## HOW TO COMPLETE THIS TASK
Give the records below again exactly, and exclude each picture.

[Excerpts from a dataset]
====

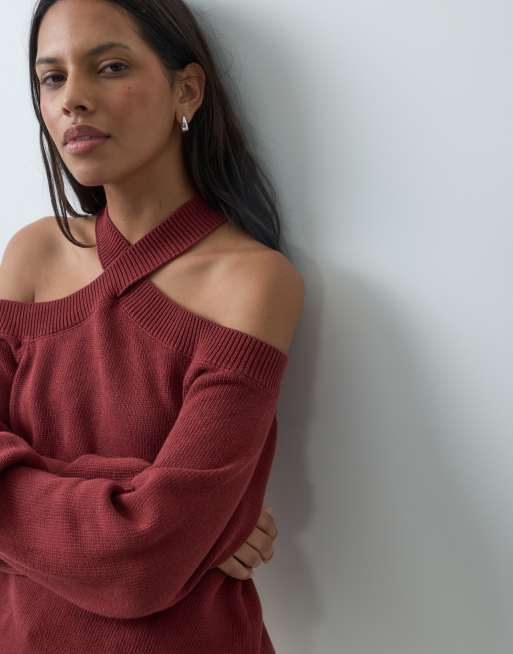 Mango Teen cut out jumper in deep red, 3 of 4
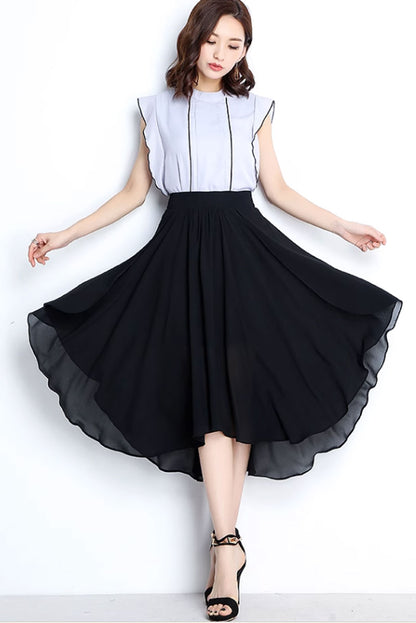 Black Chiffon Skirt - Irregular Hemline with Back Elastic Waist 4471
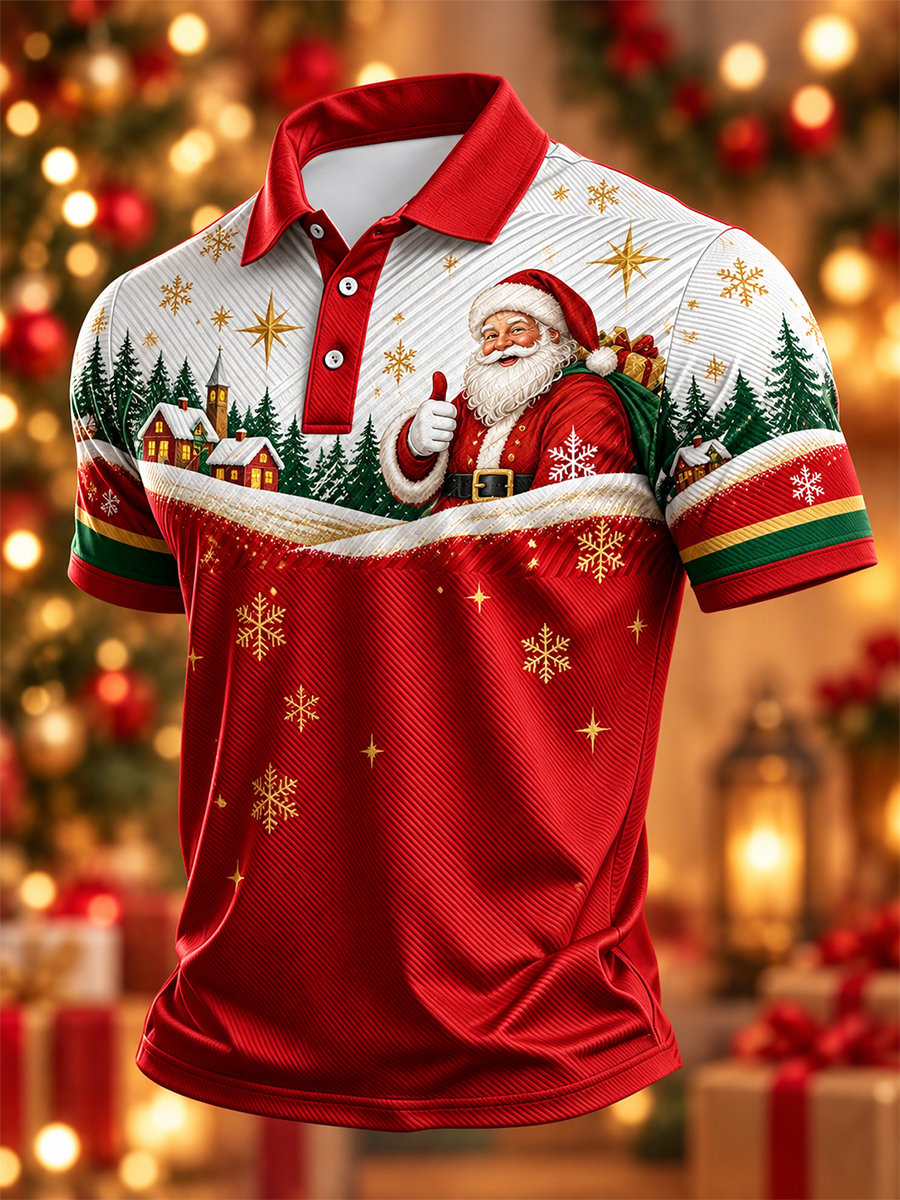 Men's Casual Christmas Bigfoot Short-Sleeve Polo Shirt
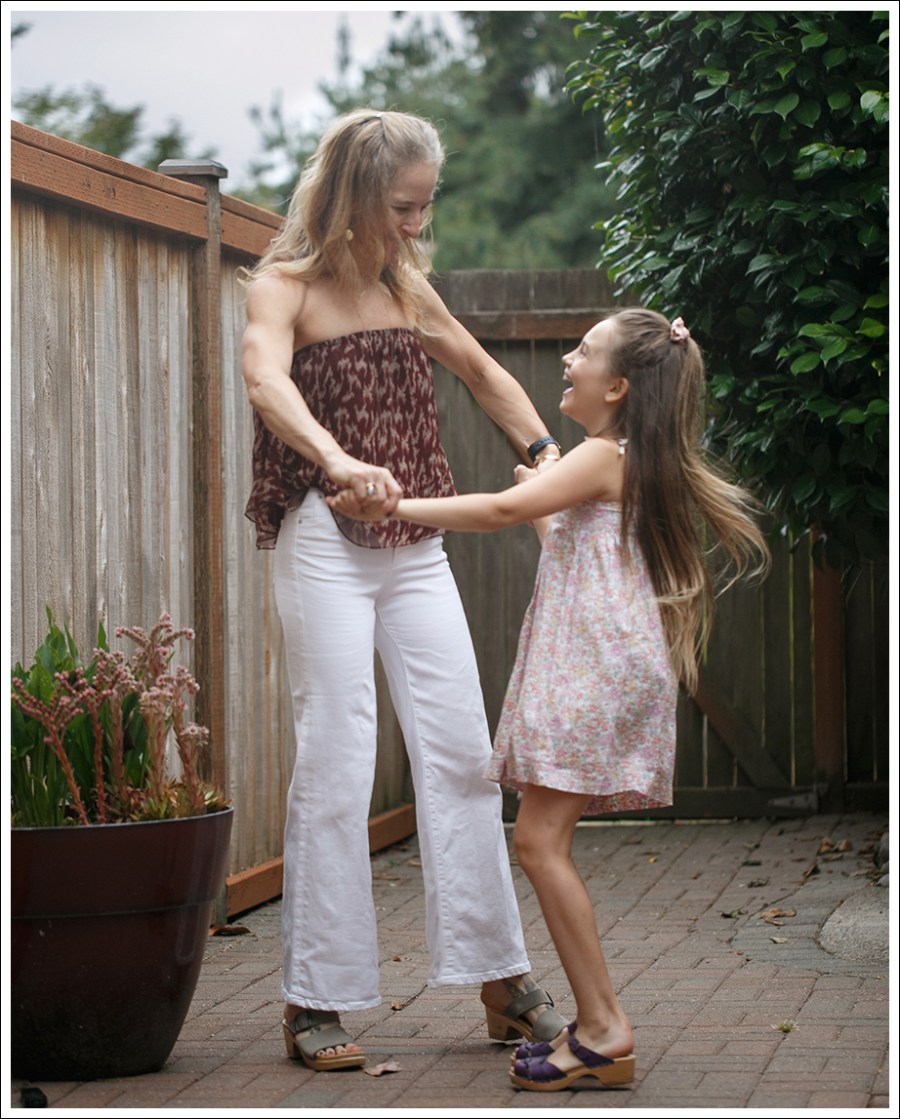 Blog Elizabeth and James Strapless Silk Top Even Denim Charlotte Wide Leg White Jeans Sven two strap Clogs-2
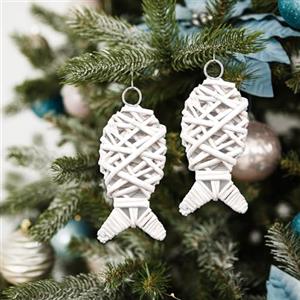 Leddy Living Wicker Rattan Balls Palline di Vimini in Rattan Wedding Party Decorazioni Natalizie Palle di Albero di Natale, Matrimonio, Feste, Compleanno (2x PESCE M)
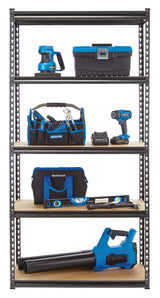 Adjustable 5-Shelf Steel Metal & Wood Storage Rack / Shelving Unit, 36 x 16 x 72-in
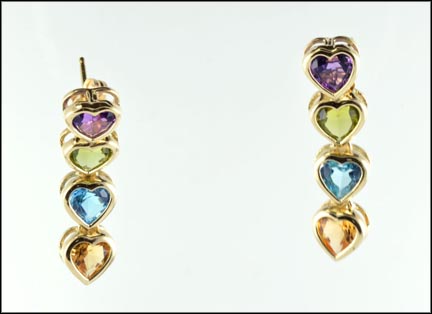 Gemstone Hearts Earrings in 14K Yellow Gold LARGE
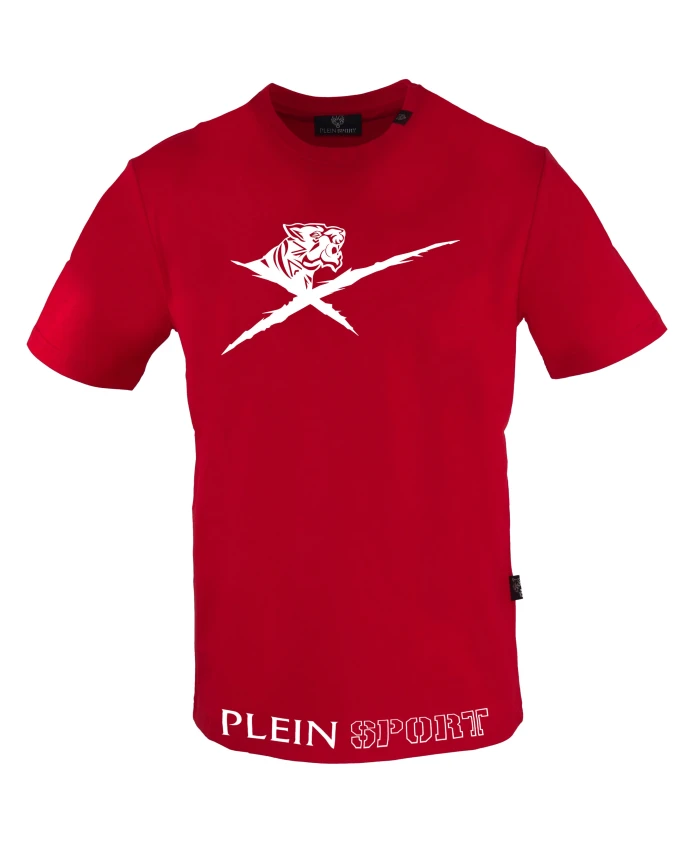 

Хлопковая футболка с короткими рукавами и круглым вырезом Plein Sport, красный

====

## EXERCISE ANSWER
 Mango Teen cut out jumper in deep red, 3 of 4
 Black Chiffon Skirt - Irregular Hemline with Back Elastic Waist 4471
 Men's Casual Christmas Bigfoot Short-Sleeve Polo Shirt
 Blog Elizabeth and James Strapless Silk Top Even Denim Charlotte Wide Leg White Jeans Sven two strap Clogs-2
 Leddy Living Wicker Rattan Balls Palline di Vimini in Rattan Wedding Party Decorazioni Natalizie Palle di Albero di Natale, Matrimonio, Feste, Compleanno (2x PESCE M)
 Adjustable 5-Shelf Steel Metal & Wood Storage Rack / Shelving Unit, 36 x 16 x 72-in
 Gemstone Hearts Earrings in 14K Yellow Gold LARGE

Хлопковая футболка с короткими рукавами и круглым вырезом Plein Sport, красный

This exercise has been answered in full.